The Flowers and the ... birds?
The Flowers and the … birds?

Anyway, now that you know why and with what you play, how about the how? Not a problem at all, because the rules for Okiya are as simple as can be while still making an interesting game. Each of the tiles in the random 4×4 grid show one plant (maple leaf, cherry tree, pine tree or iris) and one detail (rising sun, poetry ribbon, birds or rain). As there are 16 tiles, each combination exists exactly once. The first player may pick any of them and replace them with one of his geisha tokens. The next player is constrained in his decision now: he has to pick a tile with either the same plant or the same detail to place one of his geishas. His pick, in turn, restricts what the first player may do next. And so on, until one player wins by either having four of his geishas in a line, or in a 2×2 square, or by default because his opponent can not make a valid move. That’s it, all the rules for Okiya, no special cases or anything. The only thing we had to give a moment of thought was: what happens when all the tiles are gone? But even that is actually obvious, because the next player will be unable to make a valid move, so he lost.

The Garden Wars
The Garden Wars

Like I said, the rules couldn’t be easier. Playing the game, on the other hand, is not as easy as the rules look. Thinking ahead is key, even if a game of Okiya takes eight rounds at most before the whole board is taken. Nevertheless, you want to build your own position with opportunities to score while preventing your opponent from getting three pieces together because the last, winning move is often hard to avoid. But position is not everything, you also want to watch which tiles are still in the game because a line of three helps you nothing if there is no way left to get to that last tile. I don’t want to mislead you about the strategic depth of Okiya, we are talking about a game that is over in less than ten minutes, after all. But for those ten minutes, you will want to concentrate. Or maybe for those thirty minutes, because the usual way to play is to two games out of three. The rules also suggest a mode where you score points based on how many tiles are left on the board when you win, but I prefer the two-out-of-three option because it saves you from counting points.

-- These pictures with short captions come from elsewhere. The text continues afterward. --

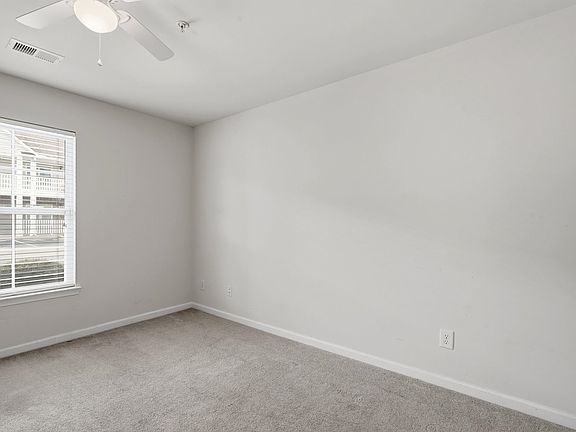 3rd image of 114 Butkus Dr. #3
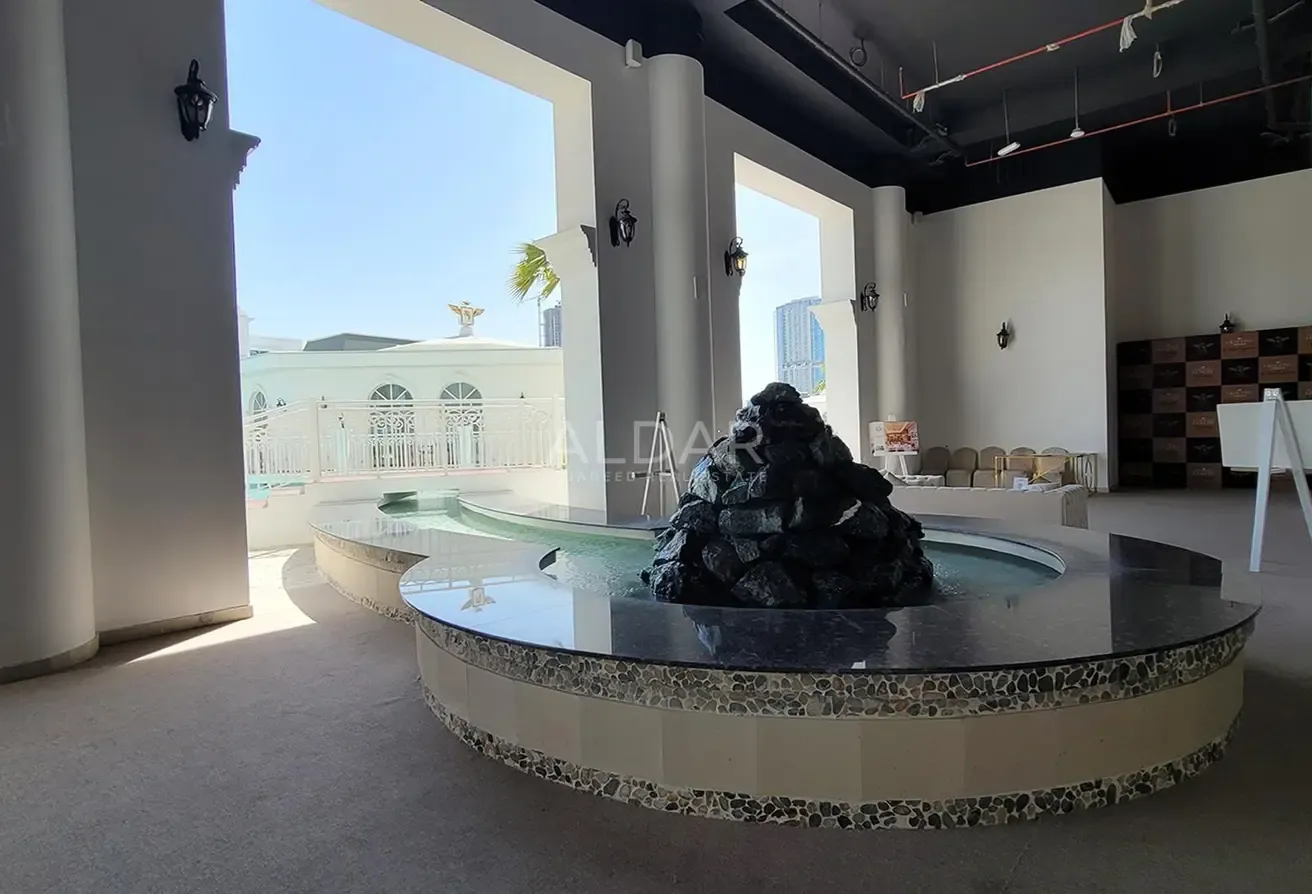 Pool View | Fully Furnished | Open Kitchen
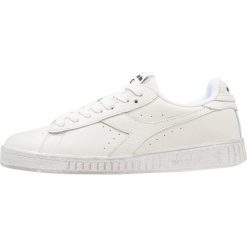 Diadora GAME WAXED Sneakersy niskie white. Białe trampki i tenisówki damskie Diadora, bez wzorów, ze skóry, bez zapięcia. Za 369,00 zł.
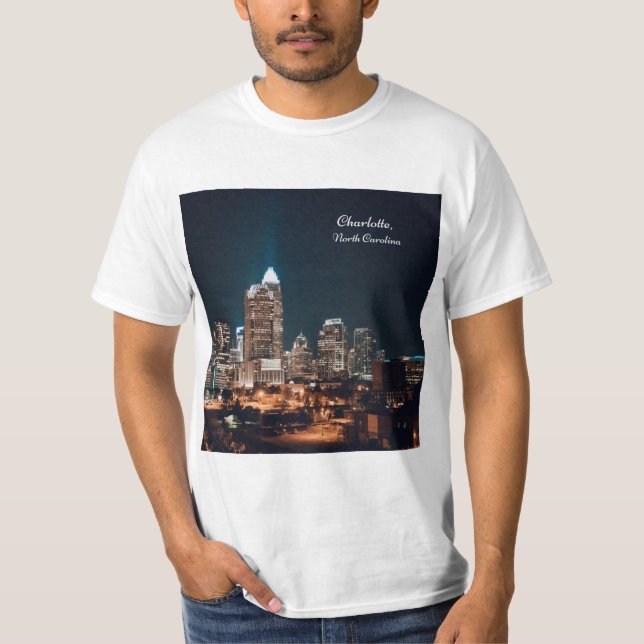 Charlotte North Carolina City Skyline Night T Shirt (Framsida)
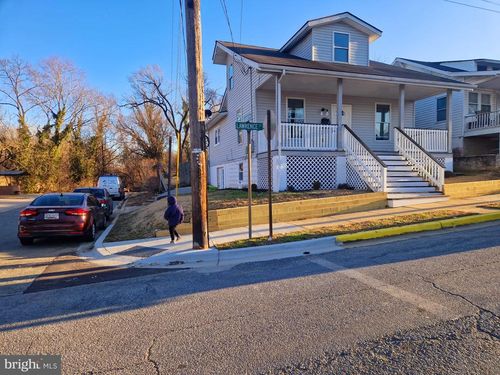 4017 Lawrence St, BRENTWOOD, MD, 20722-2125 | Card Image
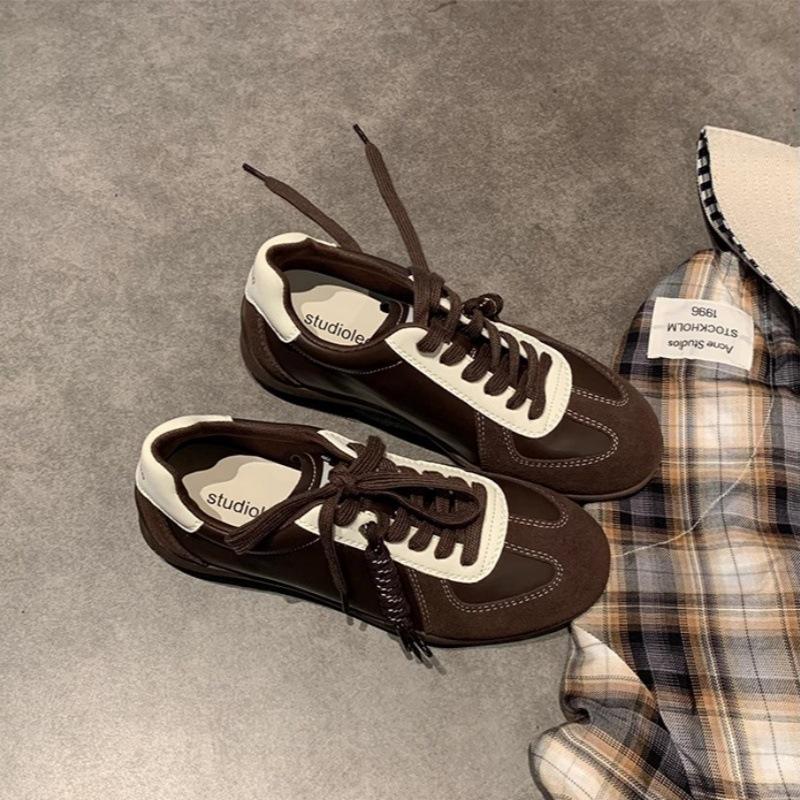 Women's Retro Colorblock German Trainers 2025, Versatile Inner Heightening Round Toe Lace-up Casual Sports Shoes, Forrest Gump Style.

In the final verdict, all this leaves you with a game that you learn in less than a minute, carry in your hand luggage, can play on the crappy, small fold-out tables on an economy class flight and can play for two hours without getting bored. Or you can play it for twenty minutes while everyone else finishes the game you were eliminated from. Okiya is a short game that you can play as a filler, but that you don’t play only as a filler. A game that forces you to concentrate, but only in short bursts. A game that briefly worries you about burying geishas in your garden. A pretty cool little game when all is said and done.